An iron ship was nudging into the dock, its cannon level with the waterline, already pointing at the enemy beyond the defensive line. The markings on the hull resolved as she turned.
“That’s — that’s the Roland!” a soldier shouted.
“Didn’t she leave?”
“Who cares — we have fire support!”
“Long live the king!”
Shells swept over the soldiers’ heads and burst in the streets beyond the barricade — ten meters, eight meters from the trench, close enough to shower the sandbags with soil. In another battle they would have cursed the Artillery Battalion for the proximity. Now every man in the line simply loved the sound of it.
Uncle Sang watched and understood: Nail had not abandoned them. He had anticipated this moment, shipped the refugees out on the first vessels, and held the Roland back as a reserve — waiting for the moment it would matter most.
Beneath the suppressing fire, soldiers were guiding refugees onto the ironclad’s gangway in controlled files. Most of the crowd was moving.

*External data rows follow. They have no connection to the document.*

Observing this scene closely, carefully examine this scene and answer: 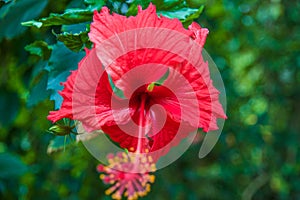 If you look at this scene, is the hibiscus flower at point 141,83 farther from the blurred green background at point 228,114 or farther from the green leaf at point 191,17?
the blurred green background at point 228,114

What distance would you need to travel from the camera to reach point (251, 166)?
2998 mm

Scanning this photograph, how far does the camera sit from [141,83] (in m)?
0.80

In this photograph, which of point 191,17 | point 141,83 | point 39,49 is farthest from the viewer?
point 39,49

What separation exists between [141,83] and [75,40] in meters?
0.17

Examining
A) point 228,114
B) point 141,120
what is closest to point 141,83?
point 141,120

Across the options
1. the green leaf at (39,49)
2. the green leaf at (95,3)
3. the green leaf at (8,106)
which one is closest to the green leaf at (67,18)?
the green leaf at (95,3)

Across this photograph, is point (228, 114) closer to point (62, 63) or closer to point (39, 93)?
point (39, 93)

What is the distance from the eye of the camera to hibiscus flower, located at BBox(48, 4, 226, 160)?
731 mm

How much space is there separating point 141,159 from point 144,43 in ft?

“Everyone.” Uncle Sang raised his voice to carry the full line. “To the dock. One by one. No one falls behind. Explosion unit — when the last man clears, ignite everything remaining.”
The order passed from soldier to soldier. The trench emptied. The Mark I Machine Guns stayed behind — too heavy, and the king’s standing orders were clear: men first, weapons second, because men build weapons, and weapons do not rebuild men.
They reached the dock as the demons breached the second defensive line against the last of the gunfire. A beat later, the remaining charges went off — one massive percussion that stilled everything for a moment, that sent a column of smoke and debris climbing into the Red Mist sky.
The Roland whistled once, sharp and final.
She pulled away from the ravaged Northernmost Port at full speed, her wake cutting clean through the harbor’s dark water.